# Feature Stores

### A feature store provides a single pane of glass for sharing all available features across the organization along with their metadata. When data scientists start a new project, they can access this catalog and easily find features. But a feature store is not just a data layer; it is also a data transformation service enabling users to manipulate raw data and store it as features ready to be used for offline (training) and online (serving), without duplicating the work. In addition, some feature stores support strong security, versioning, and data snapshots, enabling better data lineage, compliance, and manageability.

## Here are some major benefits of a feature store:

- Faster development with far fewer engineering resources

- Smooth migration from development to production

- Increased model accuracy (same pipeline for online and offline)

- Better collaboration and security across teams

- Ability to track lineage and address regulatory compliance

### Feature stores are a factory and central repository for machine learning features. Feature stores handle the collection of raw data from various sources, the transformation pipeline, storage, cataloging, versioning, security, serving, and monitoring. They automate many processes described in this chapter, while accelerating production time and reducing engineering efforts. Feature stores form a shared catalog of production-ready features, enable collaboration and sharing between teams, and accelerate the innovation and delivery of new AI applications.

## The core components of a feature store are:

### Transformation layer
- Converts raw offline or online data into features and stores them in both an online (key/value) and offline (object) store.

### Storage layer
- Stores multiple versions of a feature in feature tables (feature sets) and manages the data lifecycle (create, append, delete, monitor, and secure the data).

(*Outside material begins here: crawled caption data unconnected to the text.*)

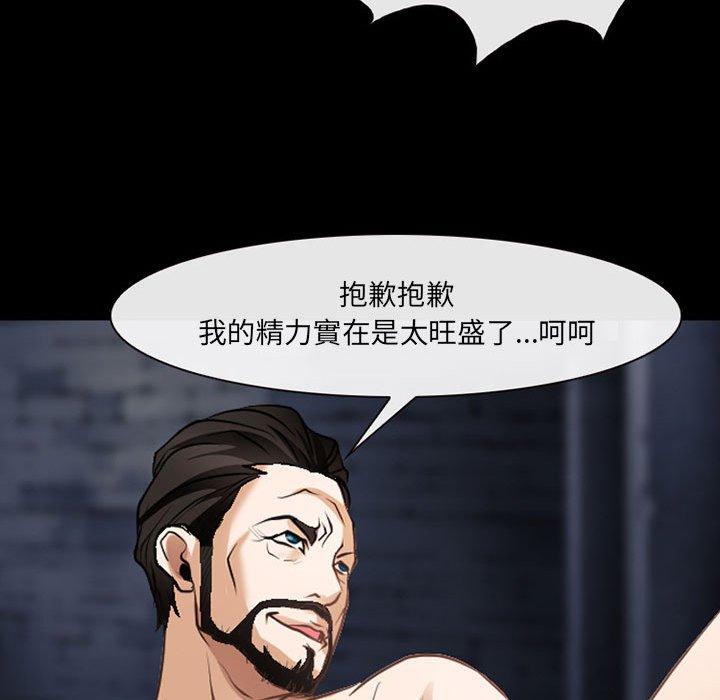 《神之嗓音》在线观看 第51话 漫画图片64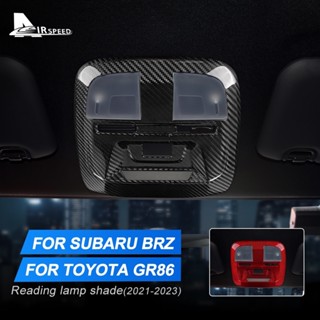 สติกเกอร์คาร์บอนไฟเบอร์ สําหรับ Subaru BRZ Toyota GR86 2021 2022 2023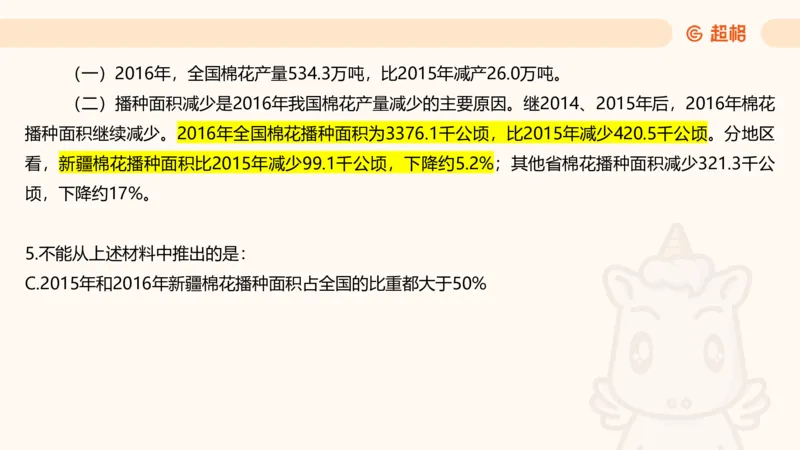 2025超大杯第12节（含归纳）_2026考公资料_超格合集_数资高照合集_资料分析高照合集⭐⭐⭐_超大杯2025高照资料分析超大杯材料归纳刷题营_上课讲义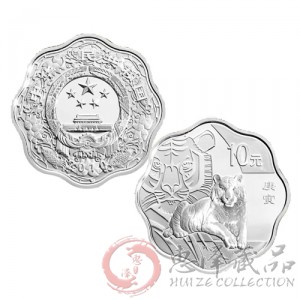 2010虎年1盎司梅花形银质纪念币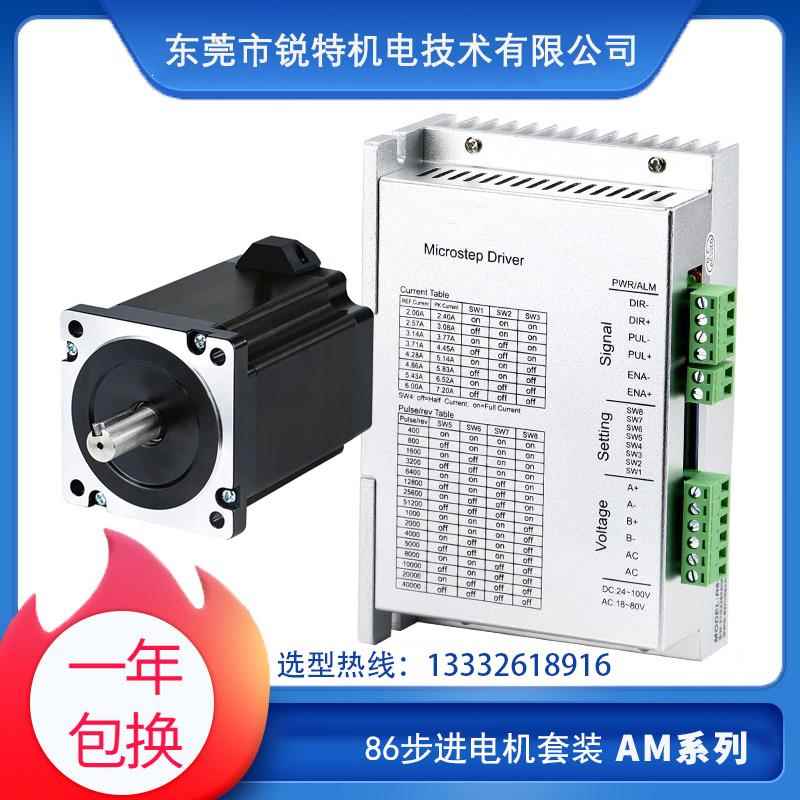 锐特86AM步进电机套装扭矩3.5NM4.5NM8.5NM 12NM驱动器套装步进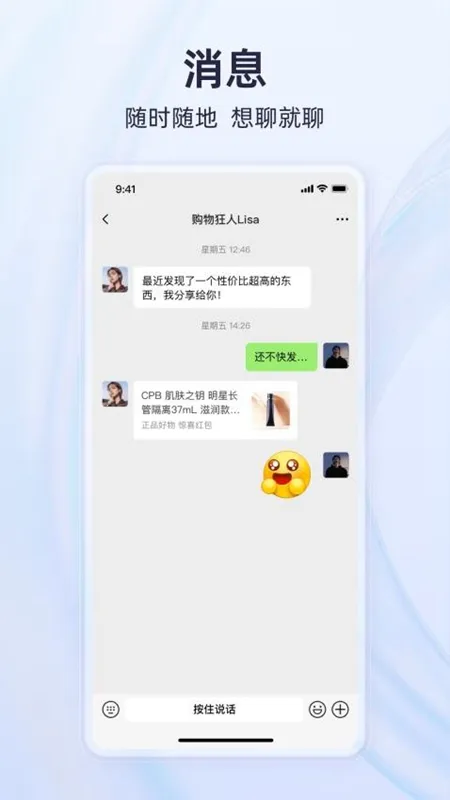 Ȥ2025°汾v1.9.5 ٷ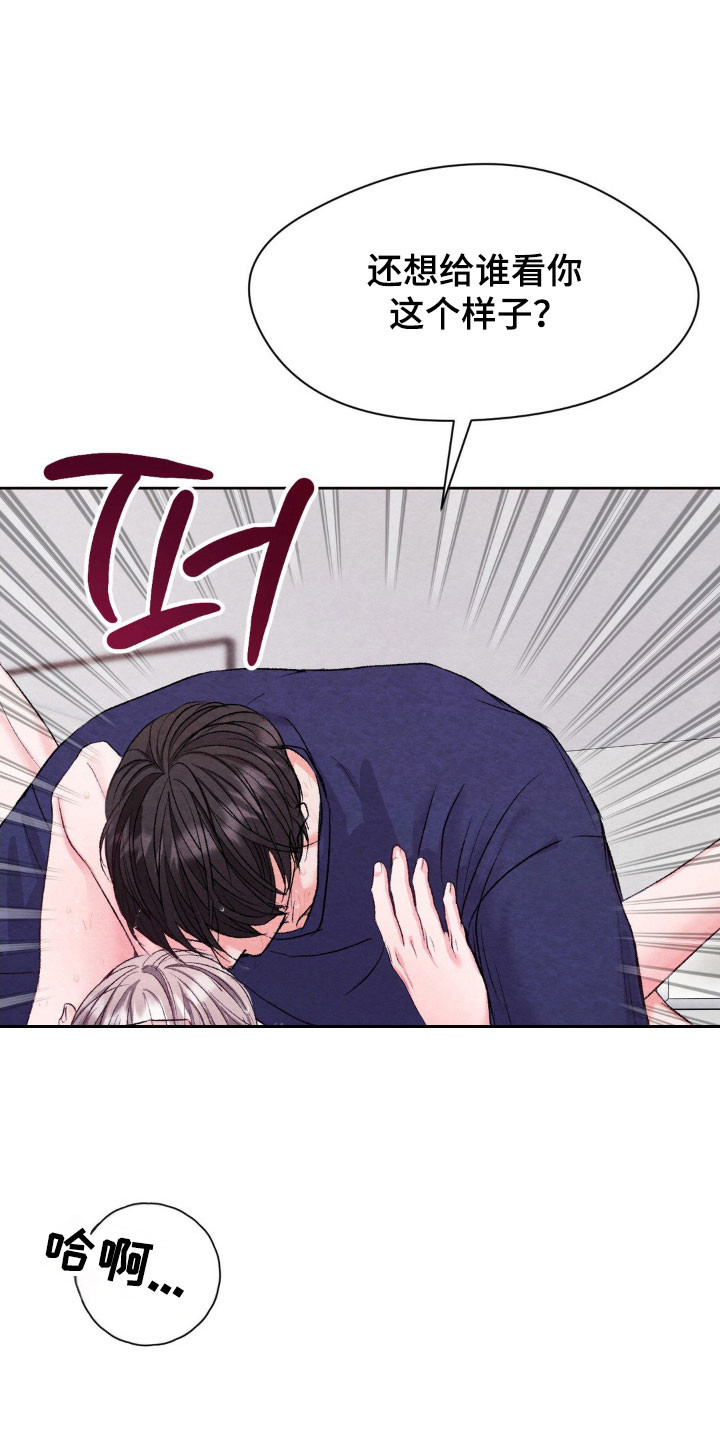 暧昧教学韩语教程漫画,第16章：行动取消5图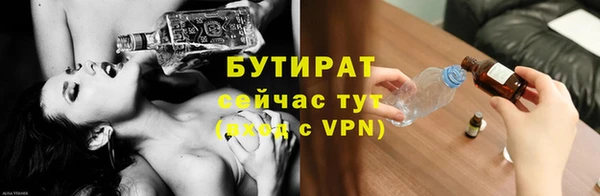 кокаин Костерёво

The data layer stores each feature in two forms: offline for training and analysis and online for serving and monitoring.

### Feature retrieval
- Accepts requests for multiple features (feature vectors) and other properties (such as time ranges and event data), and produces an offline data snapshot for training or a real-time vector for serving.

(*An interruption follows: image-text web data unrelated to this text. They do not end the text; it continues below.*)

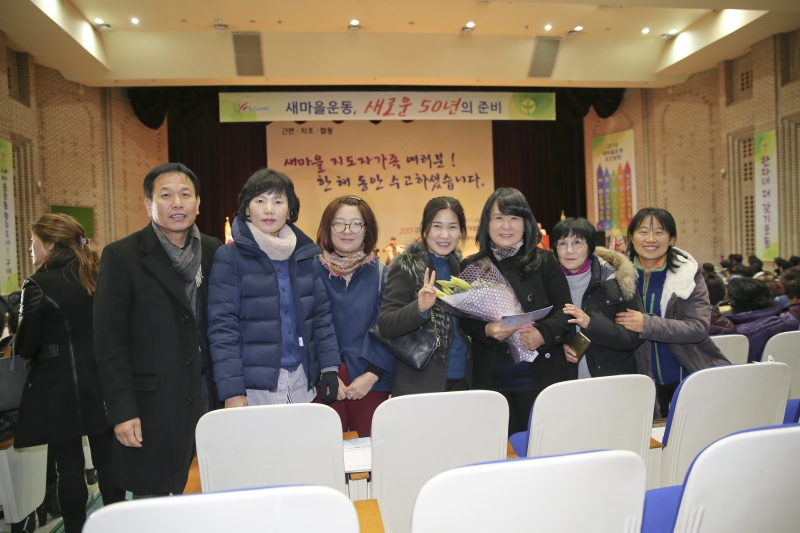 20171220-002[AP7U0669-2017 구미시 새마을지도자 평가대회.JPG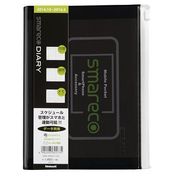 smareco スマレコダイアリー 2015 B6サイズ ポケット付 SRD-B602-15D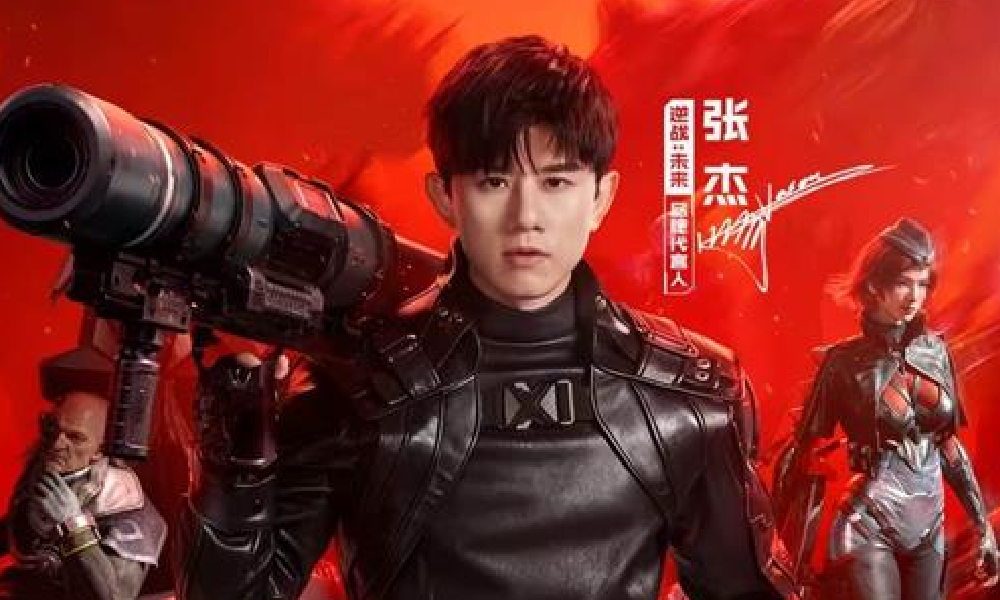 逆战未来还是张杰代言吗 张杰会继续代言逆战手游嘛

### Metadata management and cataloging
- Stores the feature definition, metadata, labels, and relations.

## Ingesting Data into the feature store

### Direct ingestion
- Ingest the data directly from the client/notebook (interactively).

### Batch/scheduled ingestion
- Create a service/job that ingests data from the source (for example, file, DB, and so on).

### Real-time/streaming ingestion
- Create an online service that accepts real-time events (from a stream, HTTP, and so on) and pushes them into the feature store.